#### Directions:
Return all entries precisely as they stand, without the images.

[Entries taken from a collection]
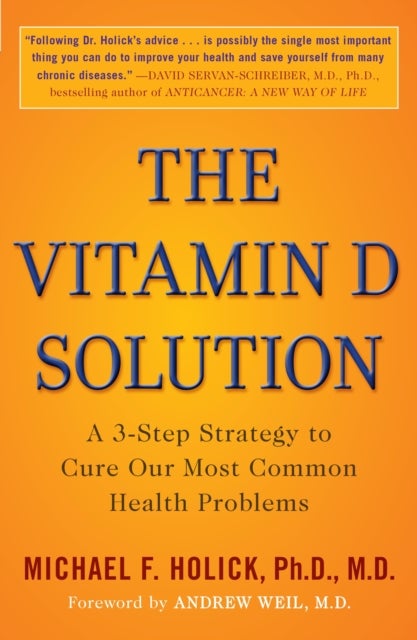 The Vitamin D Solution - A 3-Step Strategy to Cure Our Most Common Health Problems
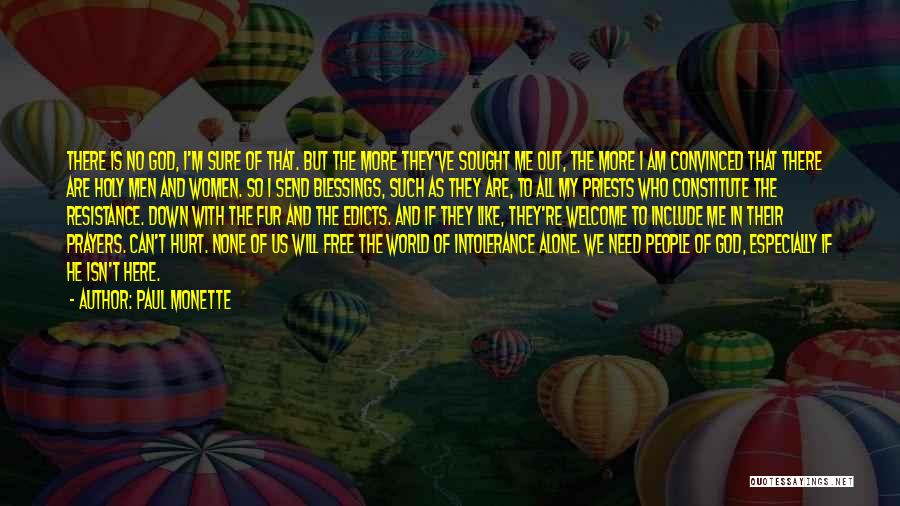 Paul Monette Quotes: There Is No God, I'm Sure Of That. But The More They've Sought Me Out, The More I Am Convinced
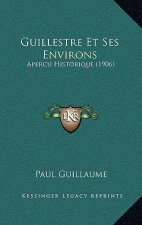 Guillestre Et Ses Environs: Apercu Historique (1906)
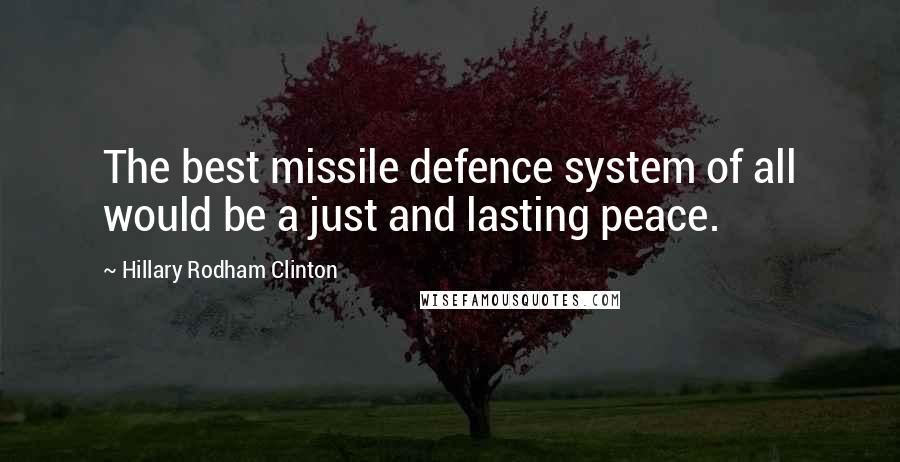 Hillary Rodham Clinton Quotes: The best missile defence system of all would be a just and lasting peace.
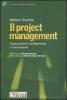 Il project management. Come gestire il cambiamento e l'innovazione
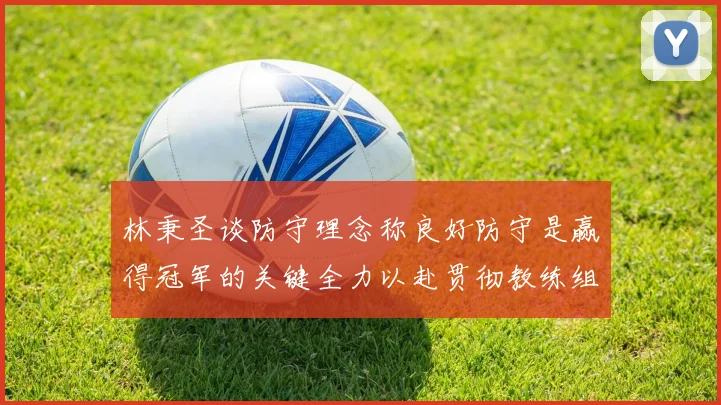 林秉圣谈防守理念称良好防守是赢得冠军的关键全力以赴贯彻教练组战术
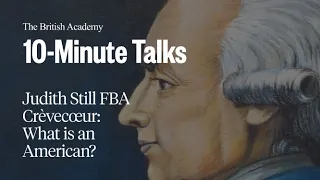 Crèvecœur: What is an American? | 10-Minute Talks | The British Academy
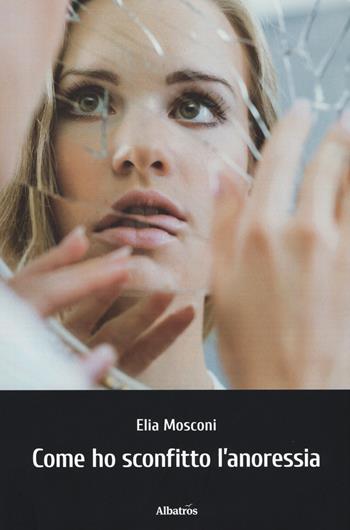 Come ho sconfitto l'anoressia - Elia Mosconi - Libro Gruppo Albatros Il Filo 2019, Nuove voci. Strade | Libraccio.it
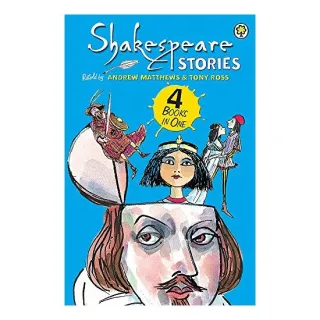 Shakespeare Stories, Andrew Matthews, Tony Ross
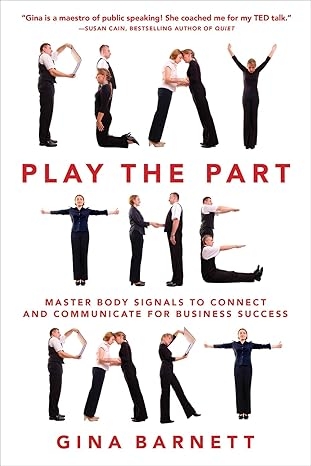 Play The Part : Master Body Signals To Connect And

#### Your solution:
 The Vitamin D Solution - A 3-Step Strategy to Cure Our Most Common Health Problems
 Paul Monette Quotes: There Is No God, I'm Sure Of That. But The More They've Sought Me Out, The More I Am Convinced
 Guillestre Et Ses Environs: Apercu Historique (1906)
 Hillary Rodham Clinton Quotes: The best missile defence system of all would be a just and lasting peace.
 Il project management. Come gestire il cambiamento e l'innovazione
 林秉圣谈防守理念称良好防守是赢得冠军的关键全力以赴贯彻教练组战术
 Crèvecœur: What is an American? | 10-Minute Talks | The British Academy
 Come ho sconfitto l'anoressia - Elia Mosconi - Libro Gruppo Albatros Il Filo 2019, Nuove voci. Strade | Libraccio.it
 Shakespeare Stories, Andrew Matthews, Tony Ross
 Play The Part : Master Body Signals To Connect And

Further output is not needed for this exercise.